El multimillonario invita a ser más vigilantes y diligentes contra el terrorismo islámico pero se “olvida” de que esa masacre se cometió con un AR-15, un arma que dispara 30 balas por minuto y que se puede comprar fácilmente en Florida. Este fusil automático estuvo prohibido durante años para “uso doméstico” –ignoro qué uso doméstico puede hacerse del AR-15, salvo que, como pronostican las series de televisión, acabemos sufriendo un holocausto zombi–, pero ahora es el arma “familiar” más popular en Estados Unidos. En los últimos cinco años, se han vendido 1,5 millones de unidades a civiles. 
Lo más paradójico de todo es que cada vez que hay una masacre se venden todavía más pistolas y rifles. El terror lleva a muchos americanos a armarse para tratar de sentirse más seguros mientras los fabricantes se frotan las manos por el aumento imparable del negocio.

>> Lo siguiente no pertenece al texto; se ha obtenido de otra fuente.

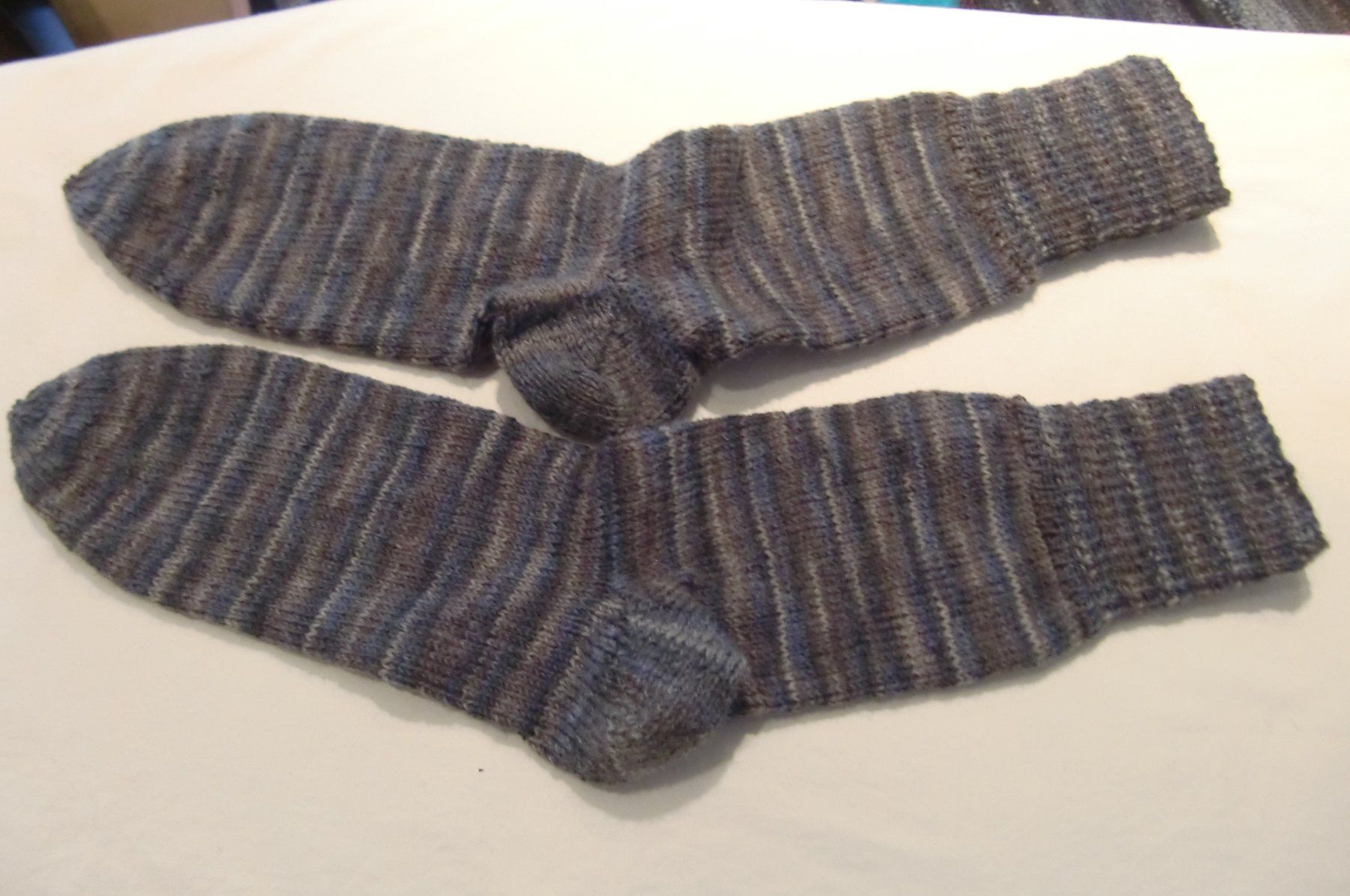 Socken: handgestrickte Socken Grösse 42/43 – Neu und originalverpackt aus trüllikon von marie2004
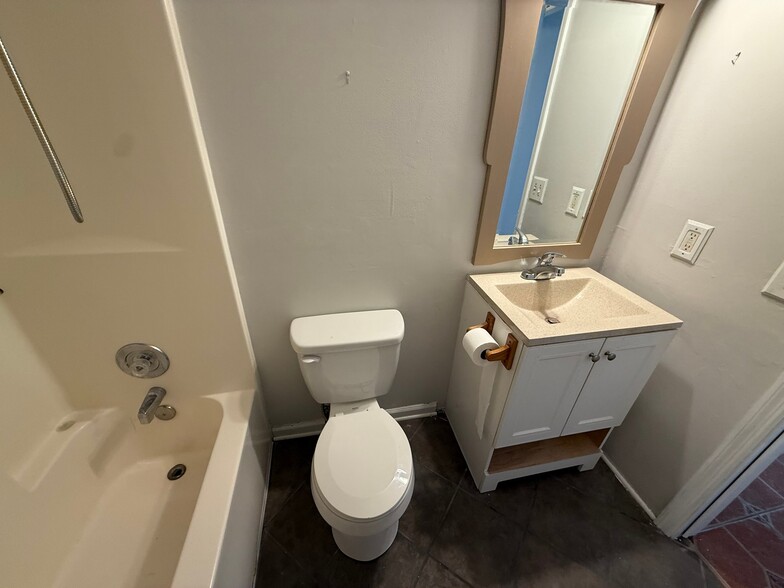 Building Photo - 5600 Sugar Crossing Dr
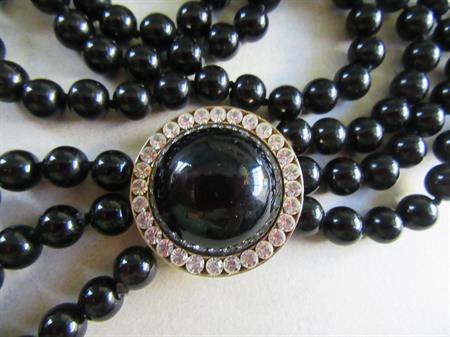 Black Glass or Onyx Necklace Rhinestone Clasp Vintage Jewelry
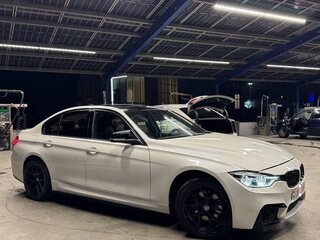 2016 BMW 3 серии Gran Turismo 328i VI (F3x), белый, 1600000 рублей, вид 3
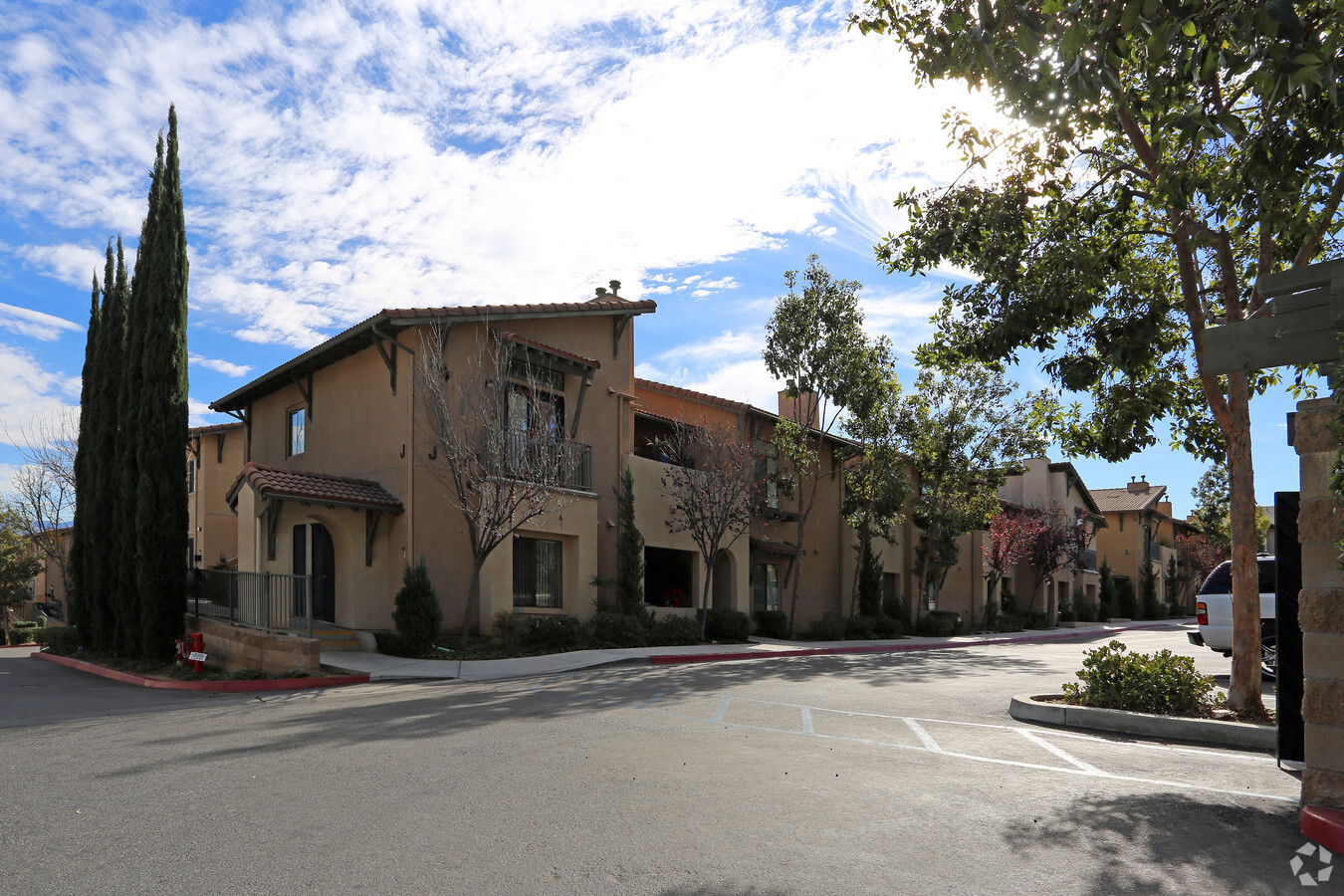 Fallbrook View - Fallbrook View Apartments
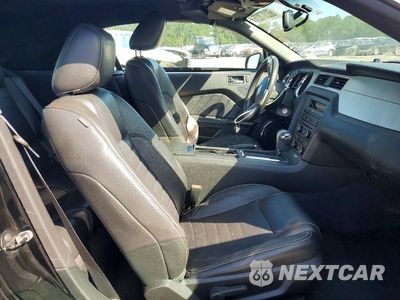 Zdjęcie 7 z 11 samochodu: 2010 FORD MUSTANG VIN:1ZVBP8EN4A5176610 - miniatura
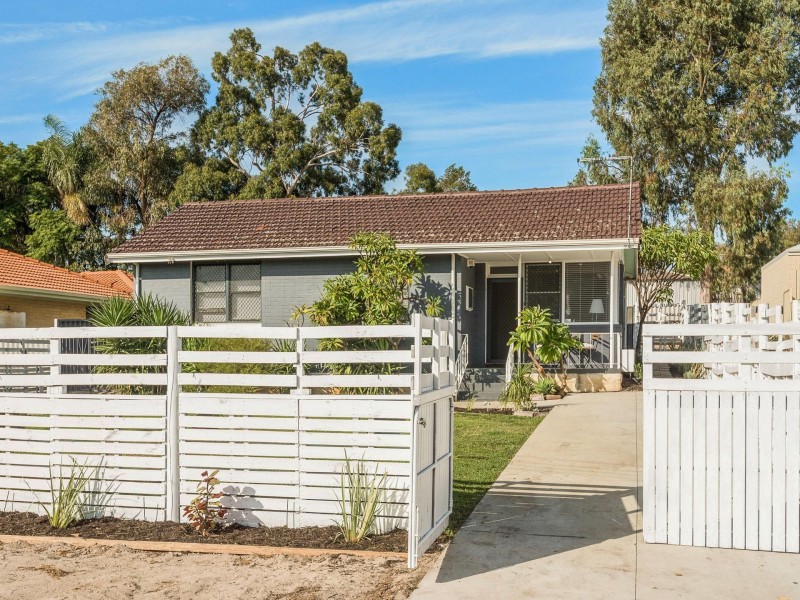 19 Bradley Way, Lockridge WA 6054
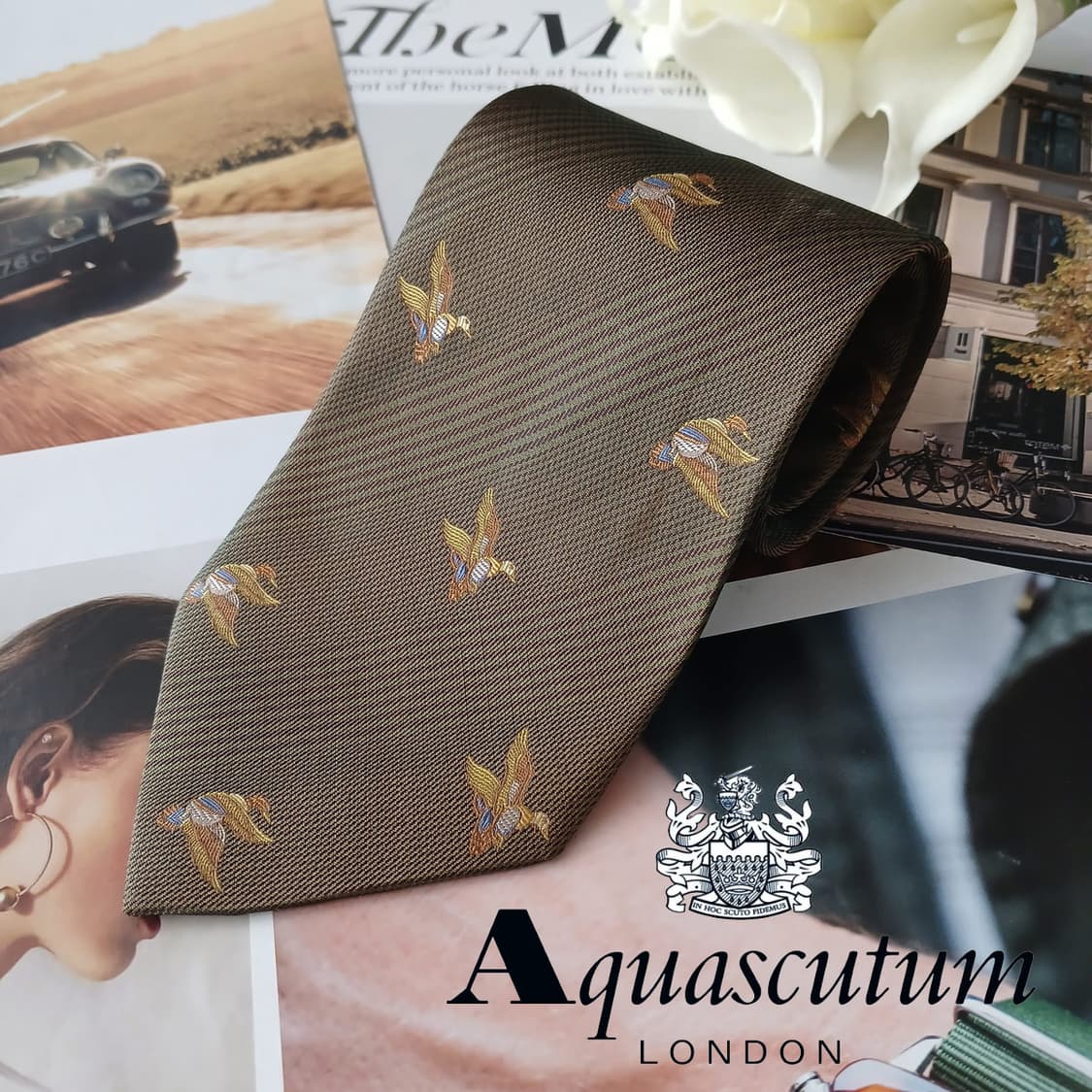 아쿠아스큐텀 실크 버드 자수 넥타이 10.1cm A등급 A18893
 상품이미지1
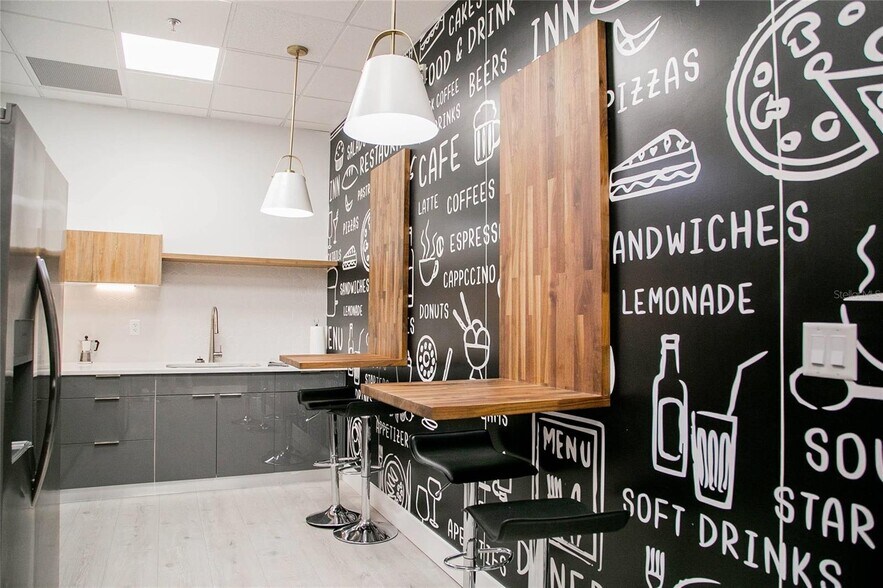 More Photos Of 1700 35th St, Orlando Warehouse For Lease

El presidente Barack Obama intenta llamar la atención cada vez que se produce una tragedia sobre los peligros de vivir en una sociedad armada, pero con poco éxito. La candidata Hillary Clinton, la primera mujer que competirá por llegar a la Casa Blanca, también ha advertido sobre la necesidad de regular de alguna manera el acceso a las armas pero el lobby es muy poderoso y no parece que estén dispuestos a ceder terreno fácilmente. 
Terrorismo al margen, los tiroteos se repetirán una y otra vez mientras comprar un AR-15 sea tan fácil como ir al supermercado y meter el arma en el carrito junto con la compra del mes y un bote de la salsa esa que inventó el compatriota de Trump.